[comp.databases] Improving RDB performance

sommar@enea.se (Erland Sommarskog) (06/11/89)
Any RDB gurus out there who have the time to give me a hint?
I hope so. (Please post to comp.os.vms or mail me. I don't
read comp.databases.)

In our system we have one relation that is fairly big, 430000
records, will probably grow to 6-700000 until the end of the
year. (Then we can unload all records from 1988.) In every
day usage records are only added, never modified or erased.
But they are read a lot, and that's were our problem begin.

The records are 102 bytes big and the fields of interest here are:
        Customer id:  integer, 4 bytes
        Depot number: integer, 2 bytes
        Date:         Text 6
        Time:         Text 8
To simplify I'll talk about the to first as id or customer, and the
latter as time. The query I want to speed up is:
        FOR a IN rel WITH Cust_id = a.cust_id AND Depot = a.depot_no AND
              (Date < a.date OR (Date <= a.date AND Time < a.Time))
               SORTED BY a.date DESCENDING, a.time DESCENDING
This gives us the latest records for a customer and when we
press "previous page" we get the records before those and so on.
Also of interest is the analogue:
        FOR a IN rel WITH Cust_id = a.cust_id AND Depot = a.depot_no AND
              (Date > a.date OR (Date >= a.date AND Time > a.Time))
               SORTED BY a.date ASCENDING, a.time ASCENDING
This gives us the records starting from a certain date, but the
most interesting is that this query gives us a hint on what gains
we could get from adding negative time fields to get away from the
descending sorting.
  The amount of records is very different from customer to customer.
The average is 500 records, but one customer (26) has 11200 records.
Number two has only half, number three is down on 3300 records and
so on. For "normal" customer there's no problem. The answer is
there is in some seconds. (And those seconds are mostly TDMS.) But for
customer 26 the response time is 15-30 seconds or even up to two
minutes when the system is loaded. And this could be acceptable,
but... Of course the customer mostly looked at is this one. The second
query is answered more rapidly, but still up to a minute with a load 
on, so a negative time field wouldn't suffice it seems.
  We have a sorted index on id and time. Duplicates are some for reason
allowed, although there are no duplicates and there shouldn't be.
Node size is 1900, page size 4 blocks and fill is set to 85%. The index
is in one storage area and the data in another. Both with mixed page
format.
  I thought the obvious thing was to use the "PLACEMENT VIA index"
feature, so I defined an index on the id only, and used this index
as the placement index. (Didn't seem very good idea to me to use the
time part here, or would it be that?) I set node size to 900, fill
to 70% page size to 2. I placed customers with low id in a seprate area,
since the most commonly looked at customers seemed to be those below 300.
I used uniform page format for all areas. The gain was unnoticeable. Or
even worse, since I couldn't use PCA any longer to measure performance. 
(I got strange errors from SORT/MERGE, probably I ran out of some resource.)
Still, "normal" customer gave an instant answer, whereas customer 26
caused a half-minute delay.
  One thing I noticed was that with this latter configuration the
unique index wasn't used for the forward query, but the placement
index was used here as well, which would mean that ascending or
descending doesn't have any importance anymore in terms of
performance.
  It should be added that the sizes of the areas were very narrow,
which could be one reason for the bad result. I'm using a test copy
of the full-scale database here at our development site, and I wanted 
to be nice to those on the same disk as the database.
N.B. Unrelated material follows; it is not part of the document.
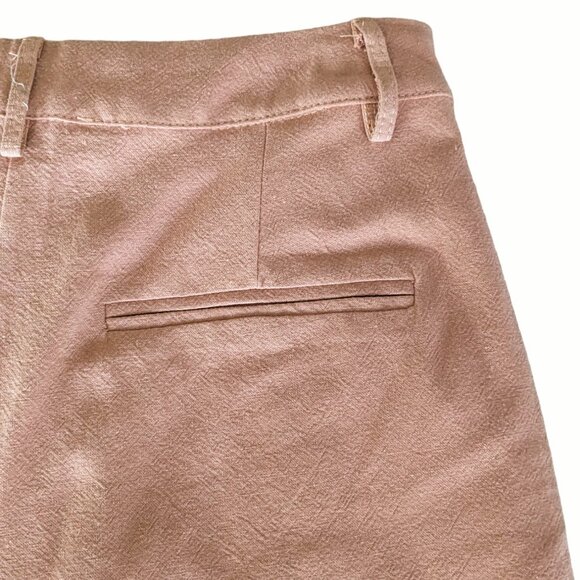 Entro - Women’s Skort / Skirt - Cotton / Linen blend - Dusty Rose - Small - NWT - Picture 6 of 8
What to do? I have some more or less desperate idea, like cutting the
relation in two, one small with the records of the last weeks and one 
with the rest, but I stay away from that if I can. Any ideas, hints,
advice etc to improve the situation is appreciated.
                                                   -- 
Erland Sommarskog - ENEA Data, Stockholm - sommar@enea.se
Bowlers on strike!